As BTBR mice have been reported to hypergroom4, we next examined the grooming behaviour of BTBR mice. In the study by McFarlane et al.4, grooming was scored manually during a 10-min session starting immediately after a 10-min habituation period following the placement of the animal in the new environment. Under the same conditions, our system detected that the BTBR strain spent approximately 150 s grooming compared with C57BL/6J mice, which spent a little more than 85 s grooming (Fig. 6c). This behavioural difference was reproduced by two more human observers ('H' and 'A') who scored the same videos (Fig. 6c). Using annotator 'H' as the ground truth, the frame-based accuracy of the system versus annotator 'A' was 90.0% versus 91.0%. This shows that the system can reliably identify grooming behaviours with nearly the same accuracy as a human annotator. Note that in this study C57BL/6J mice were approximately 90 days old (± 7 days), whereas BTBR mice were approximately 80 days old (± 7 days). In the McFarlane et al.4 study, younger mice were used (and repeated testing was performed), but our results essentially validate their findings.

Prediction of strain type based on behaviour

We characterized the behaviour of each mouse with a 32-dimensional vector called the 'pattern of behaviour', corresponding to the relative frequency of each of the eight behaviours of interest, as predicted by the system, over a 24-h period. To visualize the similarities/dissimilarities between patterns of behaviours exhibited by all 28 individual animals (7 mice × 4 strains) used in our behavioural study, we performed a principal component analysis. Figure 6d shows the resulting 28 data points, each corresponding to a different animal, projected onto the first three principal components. Individual animals tend to cluster by strains even in this relatively low-dimensional space, suggesting that different strains exhibit unique patterns of behaviour that are characteristic of their strain types. To quantify this statement, we trained and tested a linear SVM classifier directly on these patterns of behaviour. Figure 6e shows a confusion matrix for the resulting classifier that indicates the probability with which an input strain (along the rows) was classified as each of the four strains (along the columns). The higher probabilities along the diagonal and the lower off-diagonal values indicate successful classification for all strains. Using a leave-one-animal-out procedure, we found that the resulting classifier was able to predict the strain of all animals with an accuracy of 90%.

Application of the system to additional mouse behaviours

We next asked whether the proposed system could be extended to the recognition of additional behaviours beyond the eight standard behaviours described above. We collected a new set of videos for an entirely new set of behaviours corresponding to animals interacting with 'low profile' running wheels (Fig. 7a). The 'wheel-interaction database' contains 13 fully annotated 1-h-long videos taken from six C57BL/6J mice. Here, we consider four actions of interest: 'running on the wheel' (defined by having all four paws on the wheel, with the wheel rotating), 'interacting with the wheel but not running' (any behaviour on the wheel other than running), 'awake but not interacting with the wheel' and 'resting outside the wheel'. Using the same leave-one-video-out procedure and accuracy formulation, as used before for the 'full database', the system achieves 93% accuracy. The confusion matrix shown in Figure 7b indicates that the system can discriminate between visually similar behaviours, such as 'interacting with the wheel but not running' and 'running on the wheel' (see also Supplementary Movie 3 for a demonstration of the system scoring the wheel-interaction behaviours). To understand how many annotated examples are required to reach this performance, we repeated the same experiment, each time varying the number of training examples available to the system. Data presented in Figure 4c suggest that satisfactory performance can be achieved with only 2 min of annotation for each training video, corresponding to 90% of the performance obtained using 30 min of annotations. Figure 4d shows that training with very short segments collected from a single video seems sufficient for robust performance on the 'wheel-interaction database', but, unlike for the eight standard home-cage behaviours, the system performance increases linearly with the number of training examples. This might be due to the large within-class variation of the action 'awake but not interacting with wheel', which combines all actions that are performed outside the wheel, such as walking, grooming, eating and rearing, within one single category.
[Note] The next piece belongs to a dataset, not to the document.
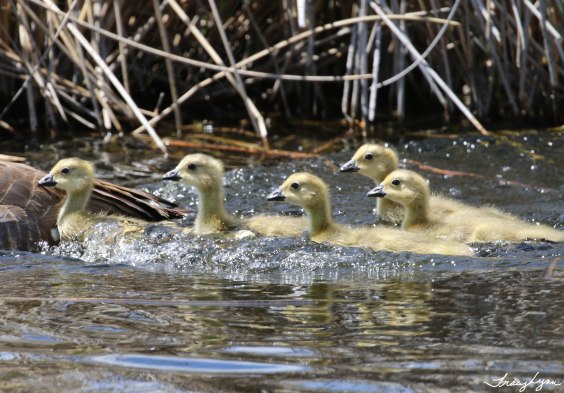 Small Goslings on the Marsh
Figure 7: Extension of the system to wheel running and investigatory behaviours.
figure 7

(a) Snapshots taken from the 'wheel-interaction database' for the four types of interaction behaviours of interest: resting outside the wheel, awake but not interacting with the wheel, running on the wheel and interacting with (but not running on) the wheel. (b) Confusion matrices for the system (column) versus human scoring (row).


Here we describe a trainable computer vision system capable of capturing the behaviour of a single mouse in the home-cage environment. As opposed to previous proof-of-concept computer vision studies22,23, our system has been used in a 'real-world' application, characterizing the behaviour of several mouse strains and discovering strain-specific features. Moreover, we demonstrate that this system adapts well to more complex environments and behaviours that involve additional objects placed in the home cage. We provide open-source software and large annotated video databases with the hope that it may further encourage the development and benchmarking of similar vision-based systems.

Genetic approaches to understand the neural basis of behaviour require cost effective and high-throughput methodologies to find aberrations in normal behaviours30. From the manual scoring of mouse videos (see 'full database' above), we have estimated that it requires approximately 22 person-hours to manually score every frame of a 1-h video with high stringency. Thus, we estimate that the 24-h behavioural analysis conducted above with our system for the 28 animals studied would have required almost 15,000 person-hours of manual scoring. An automated computer vision system permits behavioural analysis that would simply be impossible using manual scoring by a human experimenter. By leveraging recent advances in graphics processing hardware and exploiting the high-end graphical processing units available on modern computers, the current system runs in real time.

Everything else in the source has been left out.